Der Krieg schürt Sorgen und Existenzängste. Befürchten Sie, dass der Klimaschutz in den Hintergrund gerät?
LANG Das werden wir nicht zulassen. Natürlich müssen wir im Hier und Jetzt schnelle, pragmatische Lösungen etwa für die Energiesicherheit finden. Deswegen tragen wir als Grüne etwa den Bau von LNG-Terminals mit. Langfristig wird aber nur eine Gesellschaft, die drängende Probleme wie die Klimakrise ernst nimmt, auch für künftige Krisen gewappnet sein.
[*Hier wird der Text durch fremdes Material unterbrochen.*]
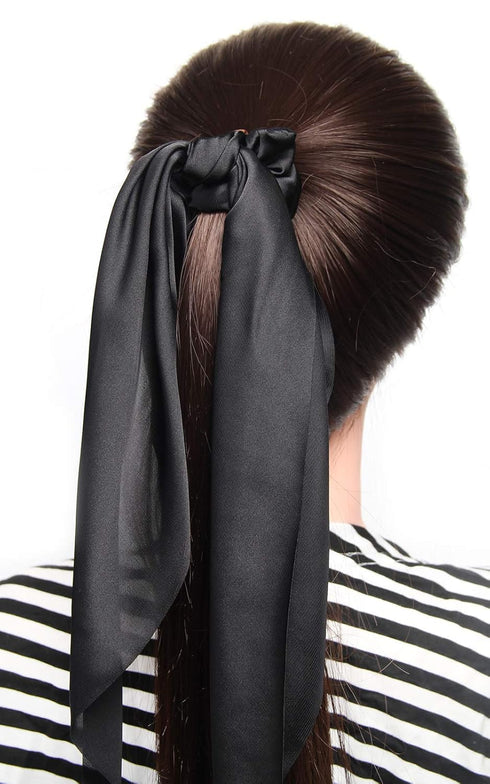 Pack of 2 Knotted Bow Hair Scrunchies - Elastic Hair Scarf Black Hair Ties Bands for Women and Girls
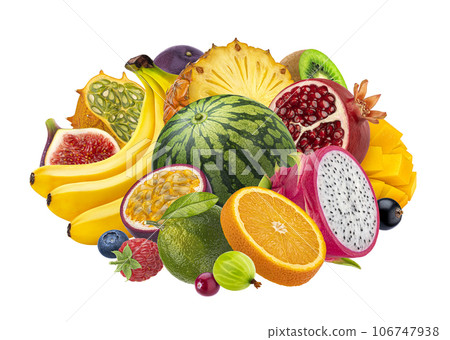 Fruits mix isolated on white background, full depth of field 106747938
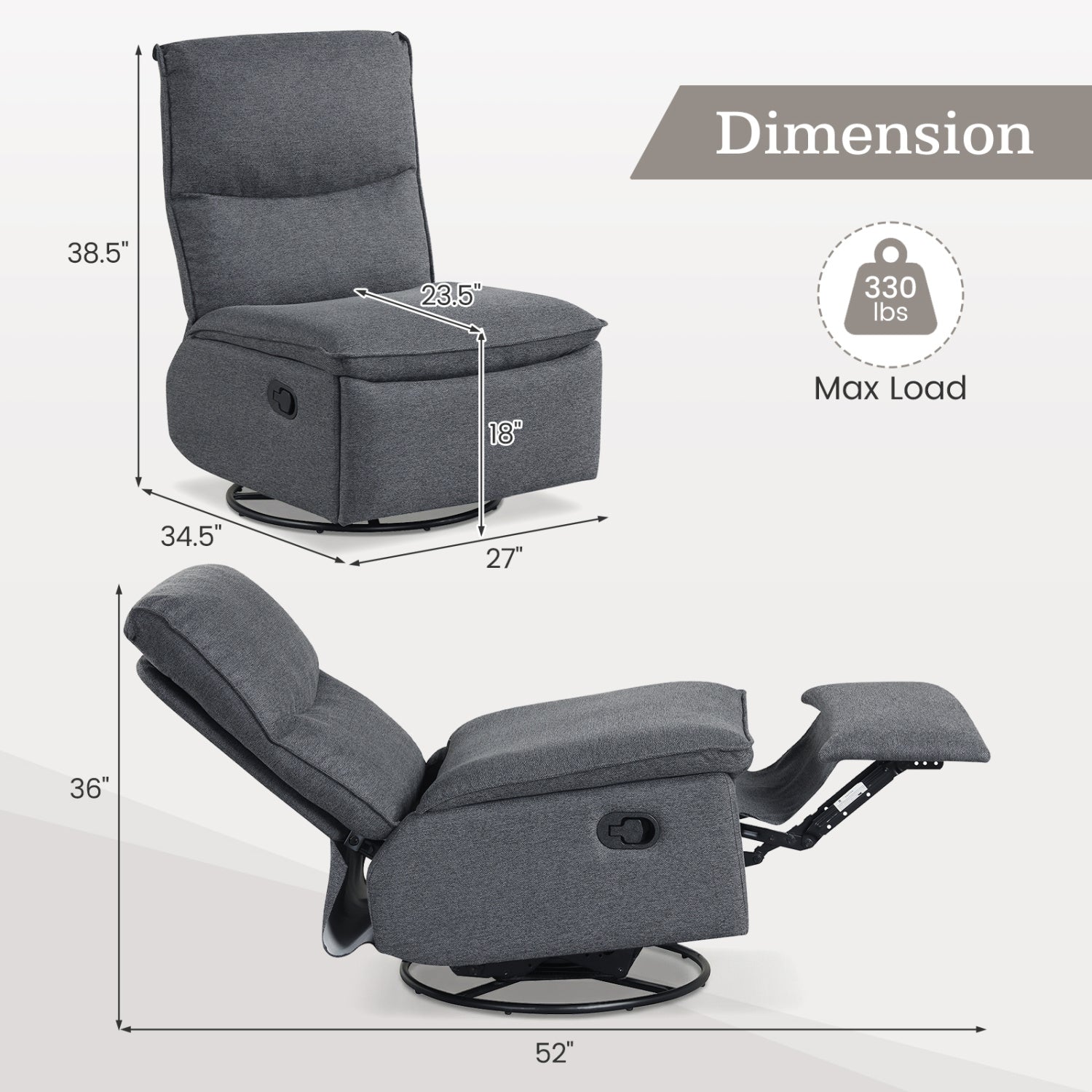 360° Swivel Rocking Chair, Cushioned Back, Gray Recliners at Gallery Canada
Deswegen bleibt es die größte Aufgabe dieser Regierung und dieser politischen Generation, den Klimaschutz ernst zu nehmen und das Pariser Klimaabkommen einzuhalten. Beispiel NRW-Wahl: Die Preissteigerungen waren das große Thema dieses Wahlkampfes und viele Menschen haben die Grünen gerade wegen unseres Kurses in Richtung klimaneutraler Wirtschaft gewählt. Wir können einen neuen Wohlstand schaffen, der auf echter Krisenfestigkeit aufbaut. Das wird langfristig zu mehr Arbeitsplätzen, zu niedrigeren Preisen, zu mehr sozialer Sicherheit führen.
Sie räumen auch ein, dass der Staat nicht alle Belastungen abfedern kann. Wie geht das zusammen? LANG Den meisten ist klar, dass ein politisches Weiter so die Veränderung nicht aufhalten kann. Es gibt mehr Halt, den Wandel anzunehmen und zu gestalten, als ihn wegzureden. Gerade weil die letzten Bundesregierungen viele Hebel nicht in Bewegung gesetzt haben, sind wir doch jetzt so abhängig von russischer Energie. Der Weg hin zum klimaneutralen Wohlstand ist natürlich eine riesige Aufgabe. Aber wir haben zwei Alternativen: die Welle zu reiten oder uns von ihr überrollen zu lassen.